By Lawrence White
LONDON (Reuters) -Two British insurers on Friday struck deals to take on a combined 8.8 billion pounds ($11 billion) of company pension liabilities, including the largest such UK deal so far, as pension schemes strive to limit their risks in volatile markets.
Legal & General said it had agreed a so-called full buy-in to the Boots Pension Scheme worth 4.8 billion pounds, in what it said was the largest such deal in Britain by premium size.
Pension insurance specialist Rothesay, meanwhile, said it had concluded a 4 billion pound buy-in with a section of the pension scheme sponsored by Co-operative group, whose businesses include food, funerals, insurance and legal services.

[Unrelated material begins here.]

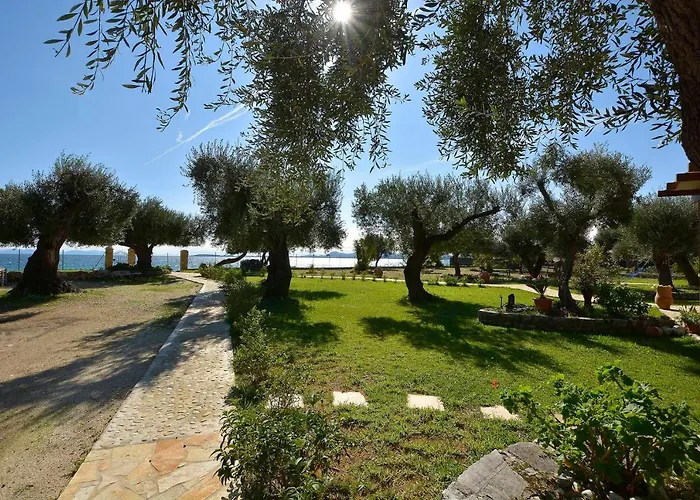 Appartamento Renata & - Beachfront, Large Garden & Free Parking Barbati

Also known as bulk annuity deals – where trustees of pension schemes pay a premium for the insurers to assume some of the liabilities – the agreements form part of what is set to be a record year for such transactions.
The market has been running at around 30 billion pounds a year in Britain, but consultants expect 2023 to top that.
Regulators have expressed concerns about the trend, with the Bank of England’s Prudential Regulation Authority warning last week that life insurance companies involved in such business should limit exposure to reinsurers due to risk that those businesses – sometimes based overseas – run into trouble.
Insurers often sell on some liabilities to reinsurers.
Rising funding ratios for pension schemes are driving unprecedented demand, Legal & General (L&G) said, as funds scramble to protect schemes against the vagaries of market movements amid rising interest rates worldwide.
L&G has written a total of 13.4 billion pounds worth of pension risk transfer deals this year globally, up from 9.5 billion pounds last year. Its solvency ratio of an estimated 224% puts it in a strong position to pursue more such business, the company said.
Health and beauty products provider Boots, with over 2,000 stores and 52,000 staff, is one of Britain’s oldest and best known high street brands.